Christ the King
I was walking along a street in Dublin city center on a cold, wintry, wet, dark evening a few years ago, and two old “down and outs” were a few paces in front of me. Neither of them was better for ware, but one old chap was definitely sick. He was hunched over, coughing, and struggling along with the help of his friend. As the rain fell gently down on them, they came to a slow halt and one old chap put his plastic bag of belongings down on the ground and slowly took off his overcoat. He then proceeded to put his coat over his ill companion who already had a coat. He tried to shrug him off, but the old boy insisted, and he put the coat on his friend. He then took up his bag, containing his worldly belongings, took his friend by the arm, and they slowly walked on. If that’s not nobility, I don’t know what is; and if God doesn’t see that well then, He is blind.
I don’t know about you, but I’ve never been big on the idea of kings, queens, monarchs, royalty, aristocracy, blue blood, or all that stuff. If history tells us anything about monarchs and royalty it is that one set of thugs violently replaced another set of thugs while inflicting war, destruction, brutality, atrocities, and even genocide on their own and other peoples. Ireland’s experience with royal guardianship was not a happy one no matter who the king or queen was, no matter what their religion, or if they were home grown or some foreign pretentious idiots. The idea that one person, because of an accident of birth, is considered to have more value than another, more privileged than another, more rights, more honored, more dignity and value than another, is pure dung. The notion of inherited privilege like this is created by bullies and supported by imbeciles.

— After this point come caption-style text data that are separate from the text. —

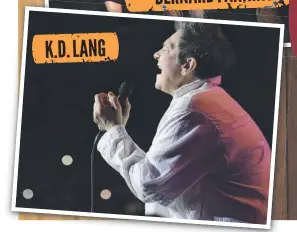  ??  ?? K.D. LANG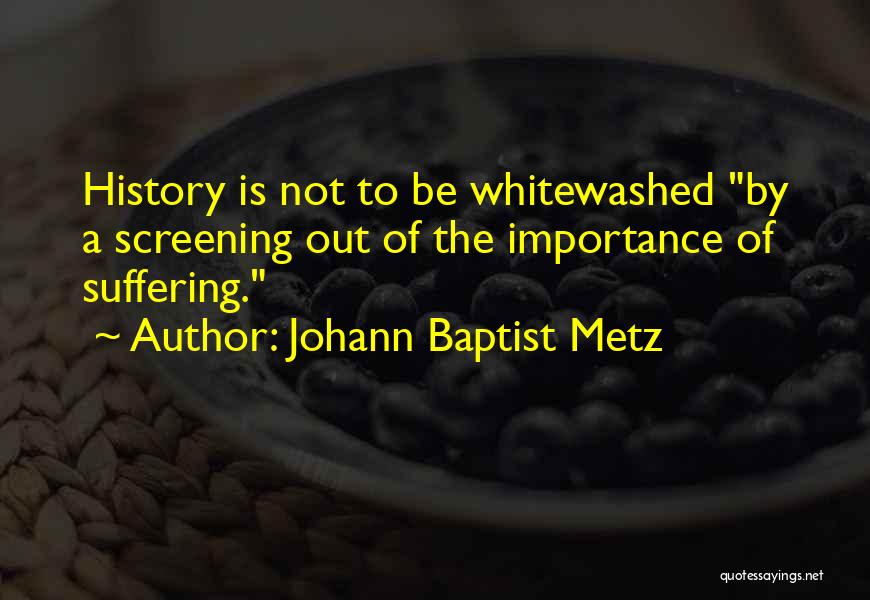 Baptist History Quotes By Johann Baptist Metz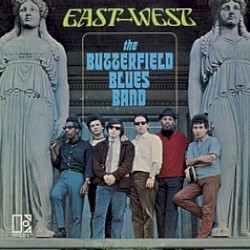 East-West by The Butterfield Blues Band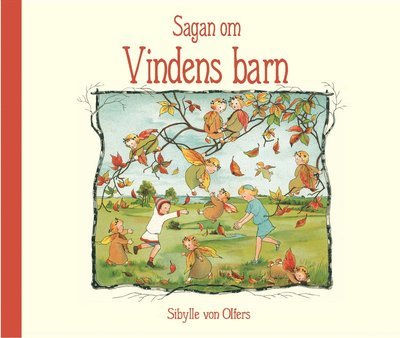 Cover for Sibylle Von Olfers · Historien om vindens barn (Inbunden Bok) (2024)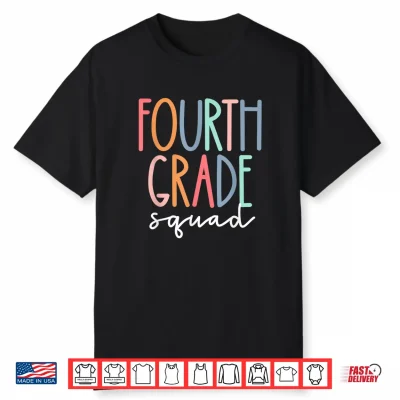 Fourth Grade Squad 4Th Teacher Crew Back To School Team Shirt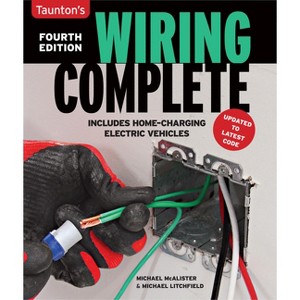 Wiring Complete Fourth Edition - by  Michael Litchfield & Michael McAlister (Paperback) - 1 of 1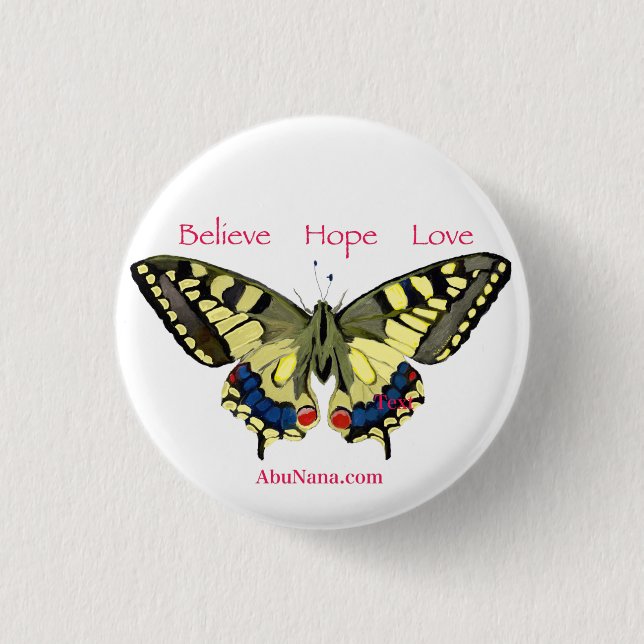 Einfache Überzeugung, Hoffnung, Liebe, Schmetterli Button (Vorderseite)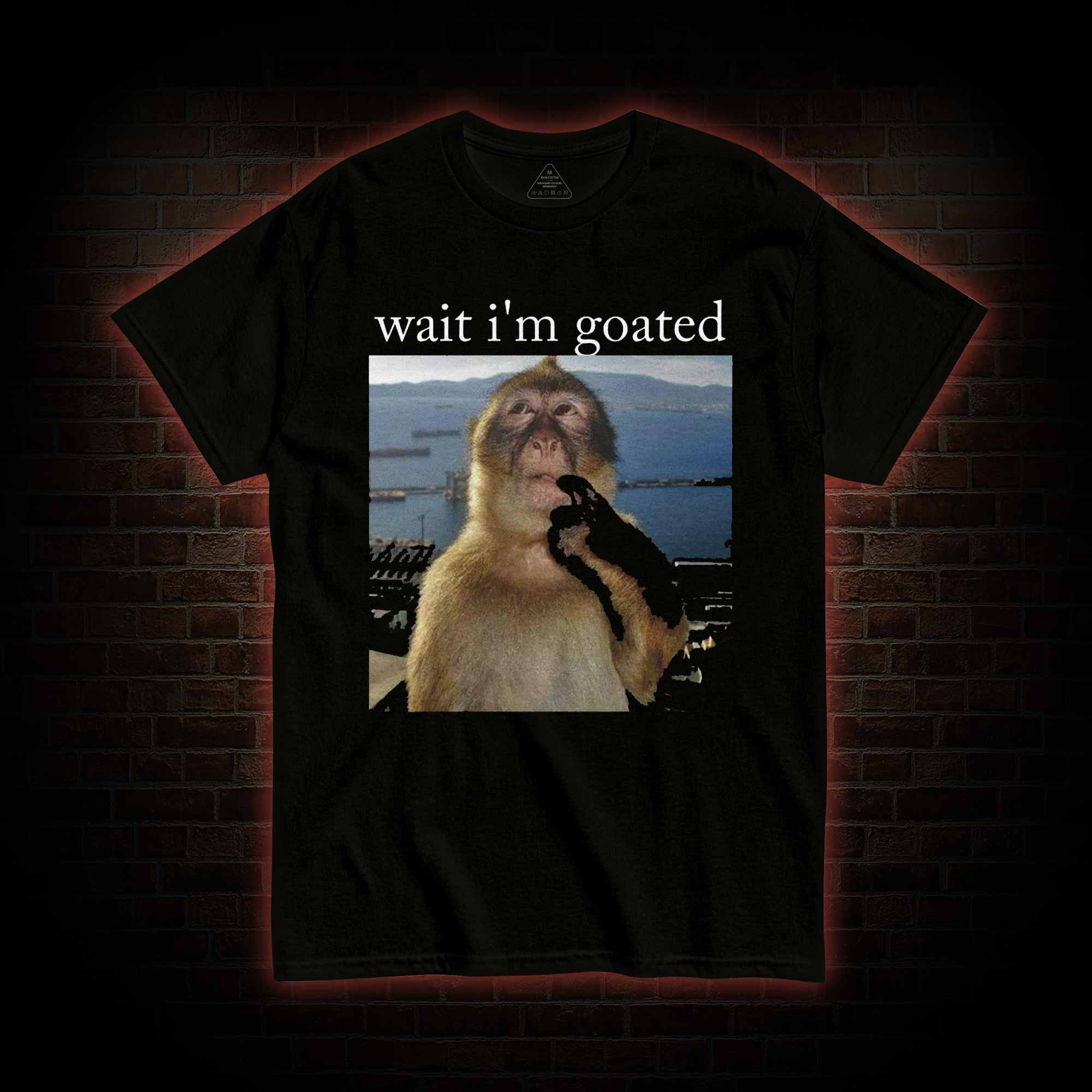 Wait I'm Goated T-shirt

Dr. Martin Luther King spoke of nobility of character, Shakespear spoke of a nobility of mercy (Titus Andronicus, Act 1, Scene 1), and Thomas Jefferson spoke of a nobility of virtue and talent: “There is a natural aristocracy among men. The grounds of this are virtue and talent.” The French existentialist philosopher Albert Camus said that: “Real nobility is based on scorn, courage and profound indifference.” Our own baptism ritual tells us that we are all sealed with the chrism of salvation that in God’s eyes makes us “priests, prophets, and kings.” So, I guess, in this sense we are all nobility. In God’s Kingdom we are all royalty, we are all privileged, we all have dignity, we all have honor and value. Of course, we don’t always see ourselves or others in this way, and we don’t always treat others as if they have value and dignity. Where does our nobility come from? God created us all, and God even now holds us in being, that is what gives us dignity, value, and worth. We are created by God, we are His children, that makes us brothers and sisters, equal, valuable, dignified.
When we look to understand nobility we look to Jesus, His life, His example, and His teaching. And what do we find? A man who cares for the sick, feeds the hungry, forgives sinners, spends time with tax collectors, washes the feet of His disciples, cures lepers, delivers the possessed from the grip of the demons, a man who challenges the powerful and raises up the humble, a man of compassion, charity, courage, strength, conviction. We see a man willing to die for others. What does it mean to be noble – look to Jesus. Jesus teaches us an aristocracy, a nobility, of love. In the Gospel today, Jesus tells us what the key to life is, on earth and in heaven.